Keywords Encryption, retransmission, security, smart grid, wireless communication, ZigBee.

  1. INTRODUCTION

    According to the latest statistical data rapid increase in electrical power demand and renewable energy mandates are push towards electrification in the transportation sector is expected to increase power system Stresses and disturbances [1].

    Federal Energy Regulatory Commission states that the United States, 31 states have established the Energy Efficiency Resource Standards and Goals which target 30% energy savings by 2020; 30 states have launched the Renewable Portfolio Standards and Goals which require the renewable energy occupy 15% by 2020 in CA, 50% by 2025

    in AK [2].

    The smart grid (SG) is considered as a desirable infrastructure for energy efficient consumption and transmission. In which the built-in information networks support two-way energy and information flow that facilitate penetration of renewable energy sources into the grid and empower consumer with tools for optimized energy consumption [3], [4].

    P. Jokar, N. Arianpoo, and V. C. M. Leung[5] described that A survey on security issues in smart grids. which consider the advent of the smart grid concept, security has al-ways been a primary concern. Pricing information and control actions are transmitted via the information network. Various at-tacks such as eavesdropping, information tampering, and malicious control command injection that have almost ruined the Internet, would impose serious threat on secure and stable smart grids operation.

    P. McDaniel and S. McLaughlin[7] described that Security and privacy challenges in the smart grid where SG is an attractive target for various hackers with diversified motivations, e.g. unethical customers may want to modify their meter readings to evade the electric charge; malicious users are able to extract the behaviors of household by eavesdropping the communications of smart meters (called non-intrusive appliance load monitoring); vicious terrorists want to inject the false data or command to disrupt the grid.

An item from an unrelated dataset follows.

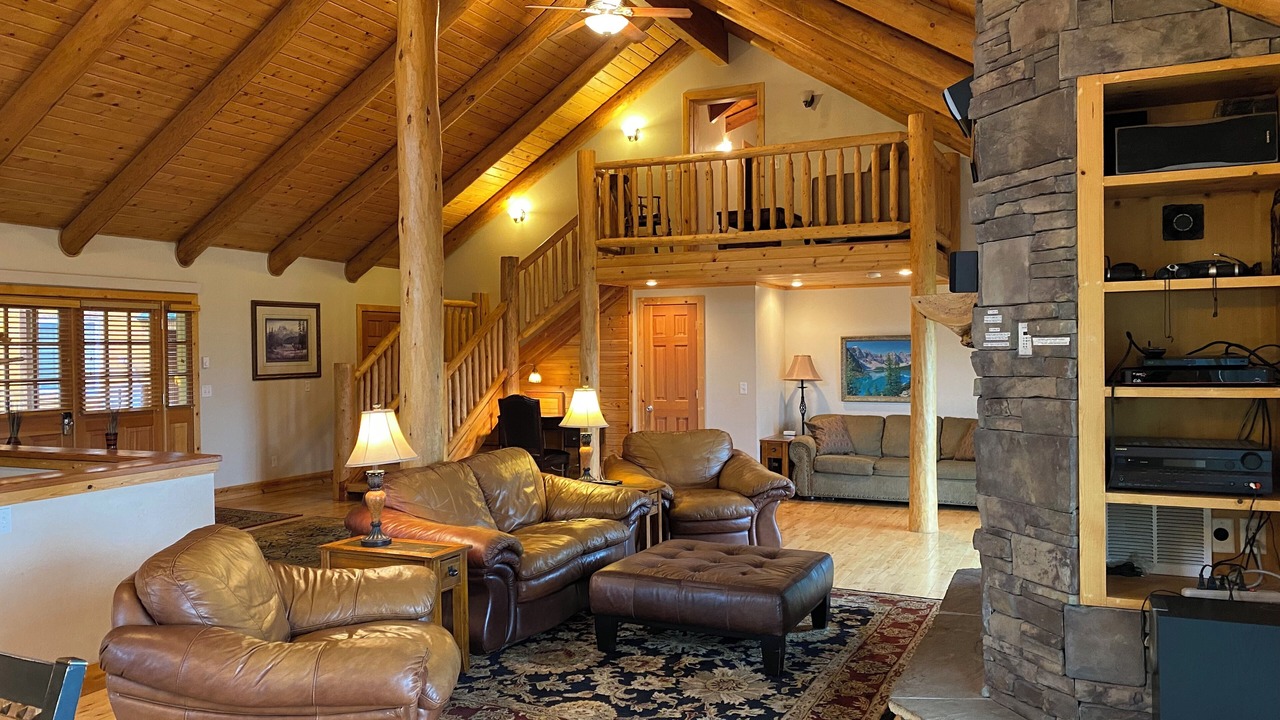 Photo of Livingroom in Star Valley Ranch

    The U.S. National Institute of Standards and Technology lays out the guidelines for developers and policy makers, covering cyber security requirements of the smart grids that should be included from the beginning of the development process [8]. In Cisco Smart Grid Framework, security concern plays the role across all functional components [9].

    W. Xudong and Y. Ping [10] described that Security framework for wireless communications in smart distribution grid various communication technologies are applied to meet the specific requirements for power system generation, transmission, distribution, and consumption. In the power grids, dedicated wired networks such as optical cables are usually built to ensure the robustness and security. Wireless technology is the indispensable part of SG communication for distribution grids that connect directly to customers because of following two main reasons. First one is home area net-work, it is too expensive to build wired networks to monitor various devices with different interfaces and another one is when hundreds of parameters in the grid need to be monitored, wired network can result in a costly and complicated system architecture.

    The standard security techniques in information networks, such as dedicated network or channel, intrusion detection systems (IDS) [11], [12], third -party authentication and cryptography [13], [14], etc., may not be applicable for SG wireless communication because of the following limitations.

    Low-cost:

    The cost is the primary thing to design any system. In order to be cost effective, the computational power, memory and storage area of the smart devices are limited. It leads to severe restriction on modern security techniques, such as: 1) complicated cryptographic algorithms may exhaust all computation and storage resource of units [5]; 2) third party applications, such as private key generator [14], may visibly increase the cost of whole wireless system.

    Low-bandwidth:

    Efficiency of the communication is based on the size of bandwidth. The communication channels in lower distribution and consumption grids are designed to transmit short message, and require only low bandwidth. Integrity protection mechanisms such as cipher-based message authentication code (CMAC) add typically 64 to 96 bits to every message. This leads to a high overhead in such a channel and might cause latency which is not affordable in many app in SG [5]. Distributed IDS can detect and classify malicious data and possible attacks by monitoring the communication traffics on many modules with doubled traffic flows, but might exhaust the bandwidth on these modules.

    Easy-maintenance:

    The wireless networks in SG should be flexible and easy to manage. It would be unrealistic to hire hundreds of engineers to manage users encryption keys and change battery. Xia and Wang present that applying public key infrastructure (PKI) to SG requires significant work and maintenance of the public key management. A utility with 5.5 million smart meters, it requires 500 staff members who can manage approximately 1000 X.509 certificates [16], [17]. A sensor with 600 mA battery will not last for more than 180 days, if its power requirement is 25 mA on active mode and

    100 on sleep mode, and it stays in the active mode for 1 s and operates after every 10 min [1].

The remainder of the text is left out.